Beijing responded to June’s stock market crash by launching various support programs to lift stock prices and calm the “market”. But the effects of the rescue measures and panic bailout by the regime proved to be short-lived.
Suspicions over GDP data
Matters were not helped when the regime claimed in mid-July that China’s GDP rose by 7.0 percent in the second quarter of 2015, compared with the corresponding quarter last year. There are few if any who believe this allegedly continued high rate of growth. And no sooner had the government presented its doctored growth figures when the news was announced that “China’s factory sector contracted by the most in 15 months in July as shrinking orders depressed output, according to a preliminary purchasing managers’ index from Caixin and Markit.” (Reuters, July 24)
On 27 July news agency TT reported, “diminishing profits from the industrial sector reinforced fears that China’s economic slowdown is about to deepen further.”
Even if further support measures get share prices to rise again there still remains the unprecedented crises of overcapacity and overproduction created in China, which acts as an increasingly powerful brake on economic growth in both China and the rest of the world. And reduced growth inevitably means the crisis and divisions within the Chinese dictatorship will worsen.

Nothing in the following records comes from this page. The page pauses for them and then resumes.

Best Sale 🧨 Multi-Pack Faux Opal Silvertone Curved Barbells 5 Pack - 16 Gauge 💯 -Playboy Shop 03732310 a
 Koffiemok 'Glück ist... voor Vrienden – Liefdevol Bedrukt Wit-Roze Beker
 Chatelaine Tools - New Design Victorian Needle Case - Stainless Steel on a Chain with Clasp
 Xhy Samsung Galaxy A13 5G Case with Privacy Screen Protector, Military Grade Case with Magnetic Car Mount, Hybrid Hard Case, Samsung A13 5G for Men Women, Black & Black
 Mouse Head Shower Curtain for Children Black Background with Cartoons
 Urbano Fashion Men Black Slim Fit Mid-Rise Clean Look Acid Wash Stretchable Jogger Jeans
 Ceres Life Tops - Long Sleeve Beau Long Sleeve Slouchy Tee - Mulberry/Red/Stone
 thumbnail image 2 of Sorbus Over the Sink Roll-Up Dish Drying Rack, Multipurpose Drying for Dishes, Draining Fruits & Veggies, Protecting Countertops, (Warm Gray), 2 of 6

That the current crisis in China developed simultaneously with the deepening of economic crises in other so-called emerging countries like Brazil, Russia and Turkey, together with the continuing Eurocrisis increases the woes facing global capitalism. Now that even China’s peculiar form of state capitalism has run into a dead end deprives world capitalism not only of its main growth engine, but also a celebrated model that governments and capitalists around the world wanted to copy. Instead of being the saviour of world capitalism, China is now on its way to become a major source of both instability and new global crises as well as mass revolts and socialist awakening.